Drilling fluid or mud 26 is contained in a pit 27 in the earth. A
pump 29 pumps the drilling fluid or mud into the drill string via a
port in the swivel 19 to flow downward (arrow 9) through the center
of drill string 12. The drilling mud exits the drill string via
ports in the drill bit 15 and then circulates upward in the region
between the outside of the drill string and the periphery of the
borehole, commonly referred to as the annulus, as indicated by the
flow arrows 32. The drilling mud thereby lubricates the bit and
carries formation cuttings to the surface of the earth. The
drilling mud is returned to the pit 27 for recirculation after
suitable conditioning.
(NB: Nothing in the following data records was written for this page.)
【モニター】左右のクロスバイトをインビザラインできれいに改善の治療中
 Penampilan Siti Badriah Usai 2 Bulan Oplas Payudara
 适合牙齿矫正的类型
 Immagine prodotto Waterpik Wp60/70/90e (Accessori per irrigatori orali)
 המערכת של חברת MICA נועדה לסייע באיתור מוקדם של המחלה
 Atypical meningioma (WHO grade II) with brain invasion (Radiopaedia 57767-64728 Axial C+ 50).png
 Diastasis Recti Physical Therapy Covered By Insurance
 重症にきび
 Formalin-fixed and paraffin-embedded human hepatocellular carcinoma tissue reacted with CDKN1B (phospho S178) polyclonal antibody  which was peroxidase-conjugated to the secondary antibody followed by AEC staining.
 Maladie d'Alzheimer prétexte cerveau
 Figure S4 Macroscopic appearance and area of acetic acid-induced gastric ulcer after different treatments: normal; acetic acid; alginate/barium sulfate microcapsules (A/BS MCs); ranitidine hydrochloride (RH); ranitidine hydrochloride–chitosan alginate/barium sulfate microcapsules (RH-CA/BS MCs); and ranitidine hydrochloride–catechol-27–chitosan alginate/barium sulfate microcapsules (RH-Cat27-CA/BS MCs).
An optional directional drilling assembly
(not shown) with a mud motor having a bent housing or an offset sub
could also be employed.
Mounted within the drill string 12, preferably near the drill bit
15, is a bottom hole assembly, generally referred to by reference
numeral 100, which includes capabilities for measuring, for
processing, and for storing information, and for communicating with
the earth's surface. [As used herein, "near the drill bit" means
within several drill collar lengths from the drill bit.] The
assembly 100 includes a measuring and local communications
apparatus 200 which is described further hereinbelow. In the
example of the illustrated bottom hole arrangement, a drill collar
130 and a stabilizer collar 140 are shown successively above the
apparatus 200. The collar 130 may be, for example, a pony collar or
a collar housing measuring apparatus which performs measurement
functions other than those described herein. The need for or
desirability of a stabilizer collar such as 140 will depend on
drilling parameters.
Located above stabilizer collar 140 is a surface/local
communications subassembly 150. The subassembly 150 can include any
suitable type of downhole communication system. Known types of
equipment include a toroidal antenna or electromagnetic propagation
techniques for local communication with the apparatus 200 (which
also has similar means for local communication) and also an
acoustic communication system that communicates with a similar
system at the earth's surface via signals carried in the drilling
mud. Alternative techniques for communication with the surface can
also be employed. The surface communication system in subassembly
150 includes an acoustic transmitter which generates an acoustic
signal in the drilling fluid that is typically representative of
measured downhole parameters.
One suitable type of acoustic transmitter employs a device known as
a "mud siren" which includes a slotted stator and a slotted rotor
that rotates and repeatedly interrupts the flow of drilling mud to
establish a desired acoustic wave signal in the drilling mud. The
driving electronics in subassembly 150 may include a suitable
modulator, such as a phase shift keying (PSK) modulator, which
conventionally produces driving signals for application to the mud
transmitter. These driving signals can be used to apply appropriate
modulation to the mud siren. The generated acoustic mud wave
travels upward in the fluid through the center of the drill string
at the speed of sound in the fluid. The acoustic wave is received
at the surface of the earth by transducers represented by reference
numeral 31. The transducers, which are, for example, piezoelectric
transducers, convert the received acoustic signals to electronic
signals.
The output of the transducers 31 is coupled to the uphole receiving
subsystem 90 which is operative to demodulate the transmitted
signals, which can then be coupled to processor 85 and recorder 45.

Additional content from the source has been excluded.